KINGSTOWN, St. Vincent: – Lawmakers here on Tuesday began debating a bill that will put a proposed constitution to a referendum in November, even as the opposition reiterated its intention to campaign for a “No” vote.
But Prime Minister Dr. Ralph Gonsalves, in leading out the debate, said that the proposed Constitution was the best of its kind anywhere in the world.
Leader of the Opposition Arnhim Eustace said that he was not optimistic that the debates would change the stance of the sides of the Parliament on the proposed legislation.
He called on Dr. Gonsalves to announce the date of the referendum.
“The die is cast, Mr.
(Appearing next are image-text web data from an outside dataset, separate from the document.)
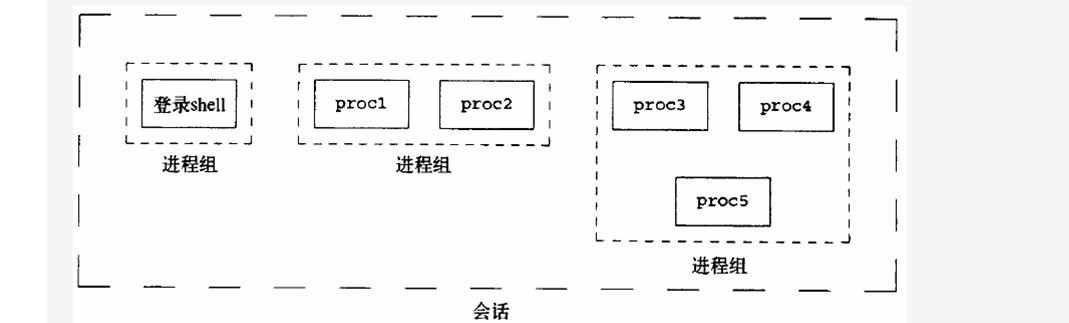 LinuxĽ顢Ựػ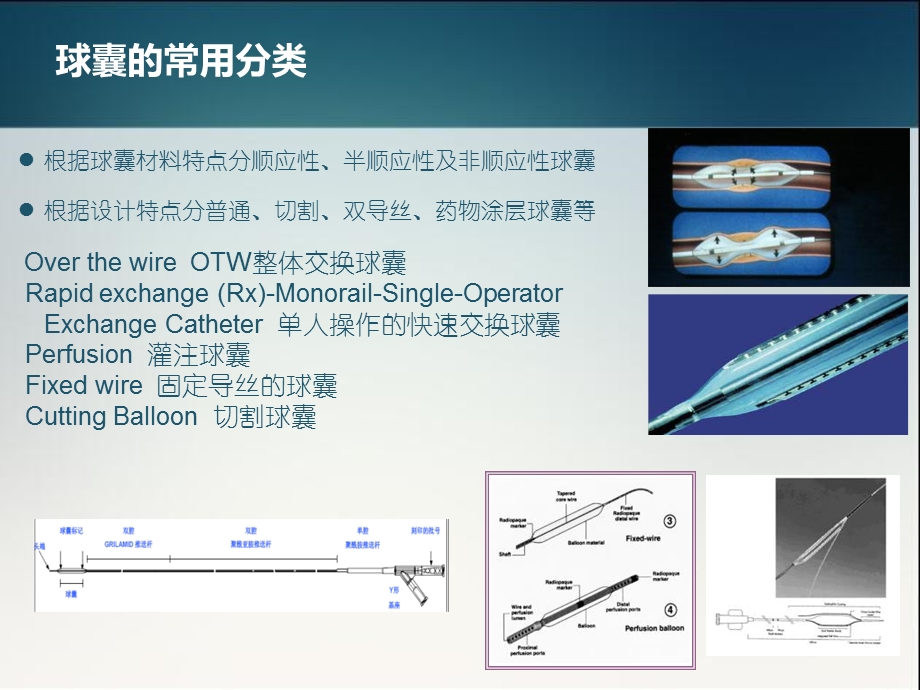 介入治疗中球囊作用及进展课件.ppt_第2页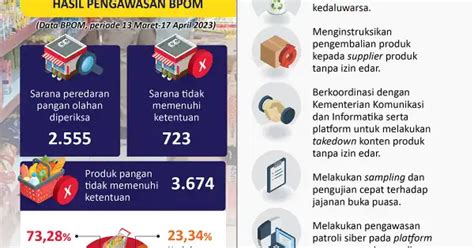 Mewaspadai Makanan Kedaluwarsa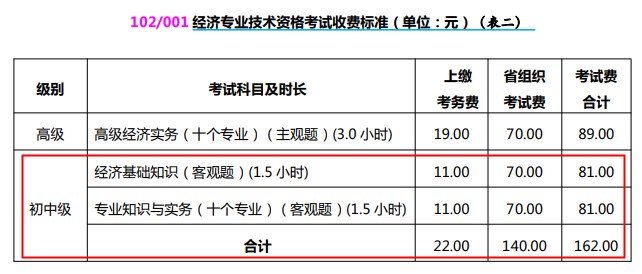 報名費(fèi)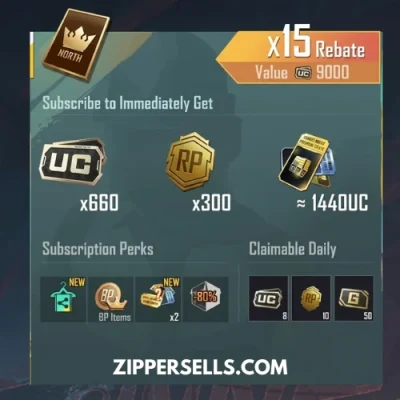 PUBG Mobile Prime Plus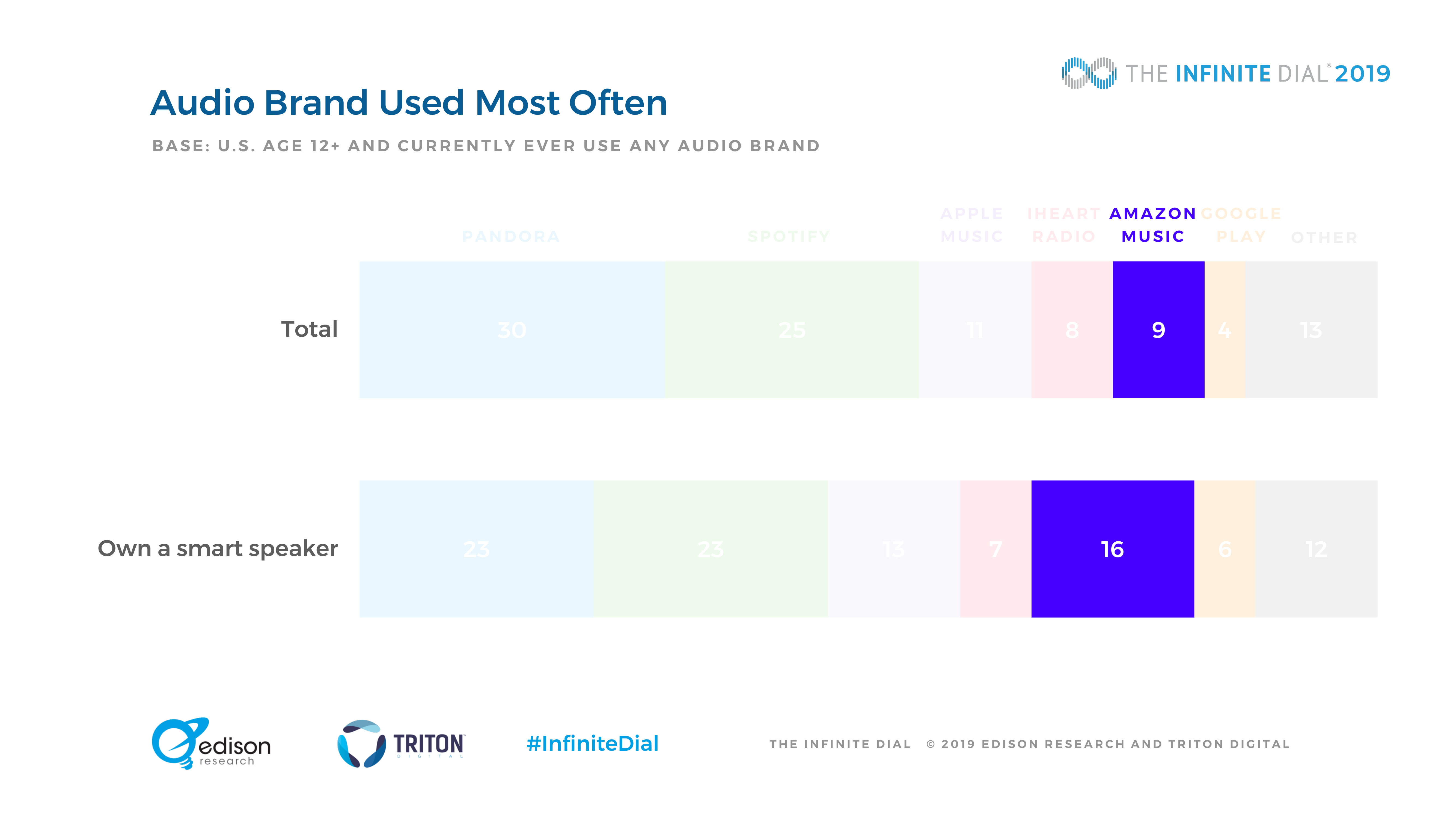Edison Research：2019年美国网络数字报告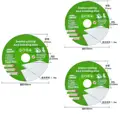 100mm 3pcs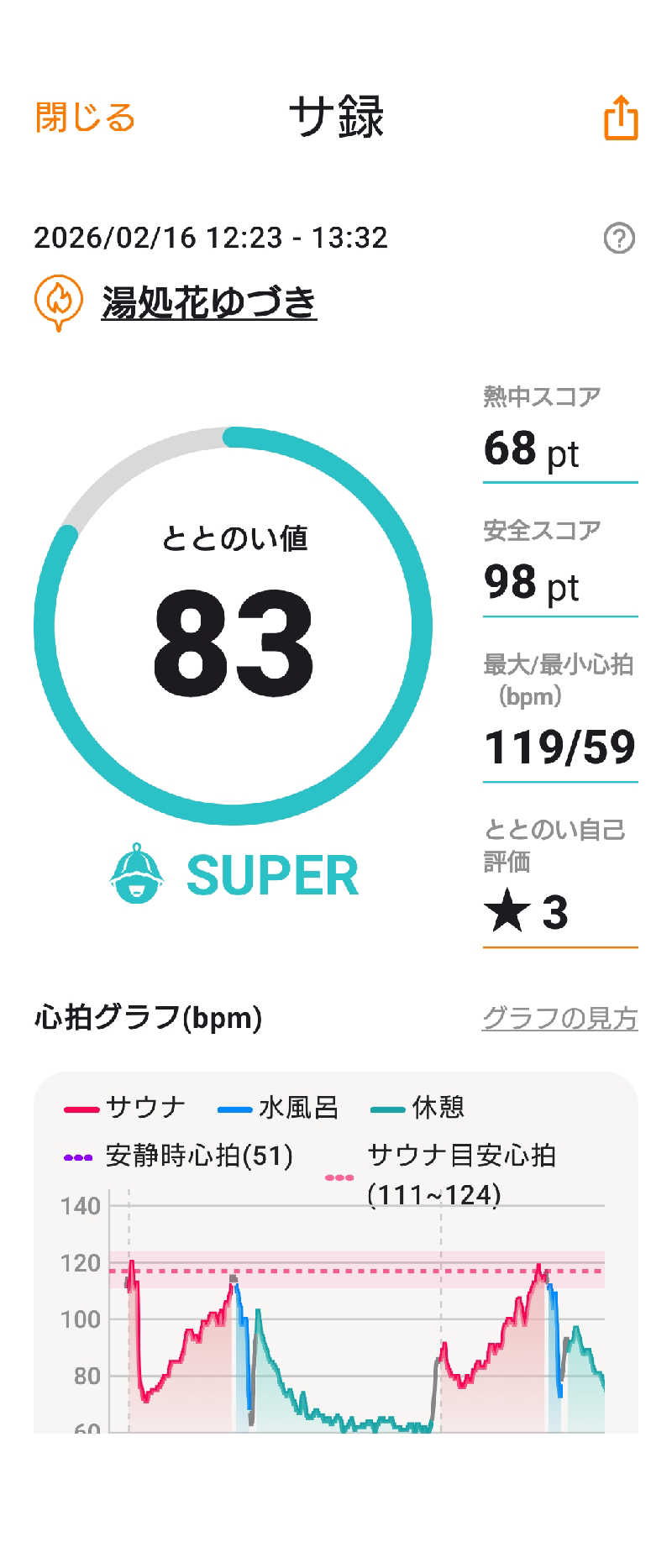 KAMIさんの湯処花ゆづきのサ活写真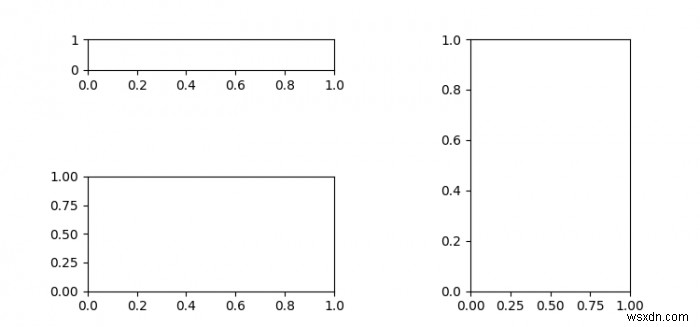 การปรับความสูงของแผนย่อยแต่ละรายการใน Matplotlib ใน Python 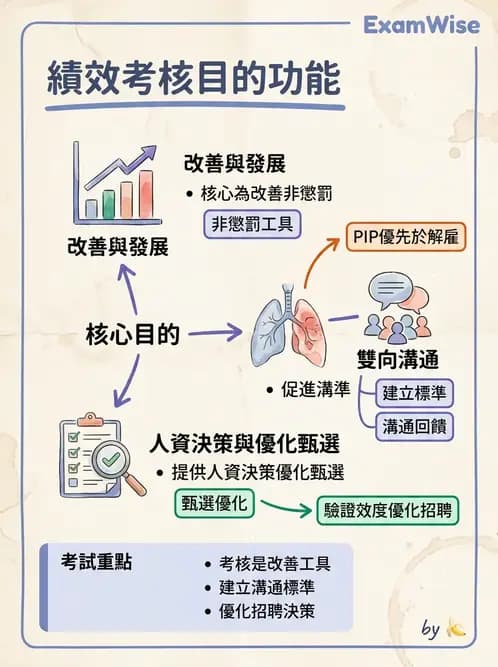護理師 - 績效評估與專業發展 - AI 圖文解析預覽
Speaker, the New Democratic Party will vote “No” and encourage the people of this country to vote ‘No’,” Eustace said.
Eustace told Parliament that his party agreed with some sections of the proposed Constitution.
He however said that the Constitution reform exercise had not met its “seminal challenge” of making the country a republic, reducing the powers of the prime minister and deepening the rights and freedoms of citizens.
“I am not getting carried away by all this talk about dramatic change, at all. We have our position on some of these matters and we maintain our position, and we will vote ‘No’ in relation to this piece of legislation…”
Eustace took issues with the phrasing of the preamble of the proposed Constitution as it relates to “inalienable rights” and asked that the words from a previous draft be used.
He was not pleased with the document’s proposals on payment for property acquired by the state, the mixed parliamentary system and, among others, the appointment of the president.
He said many of the proposals, rather than reducing the powers of the prime minister, “All it does, it might take him a few days longer to get what he wants.”
“Everything comes down to the practical application. Not what you write down, saying you have dramatic reductions. Dramatic my eyes! …We have a situation where there are ideas but nobody is willing to flesh them out at this stage,” Eustace told Parliament.
“If we are changing the Constitution of our country, we have to try and get it right. And what we do must find strength in the way it is applied and when you deal with the deepening of democracy and prime ministerial power,” he added.
“I take strong objection to things which I can’t understand how they are going to apply and have benefit in terms of the noble objectives that we say we have set ourselves over these last six years… We have our own concerns about what these things really mean effectively for the people of St. Vincent and the Grenadines,” the Member of Parliament for East Kingstown said.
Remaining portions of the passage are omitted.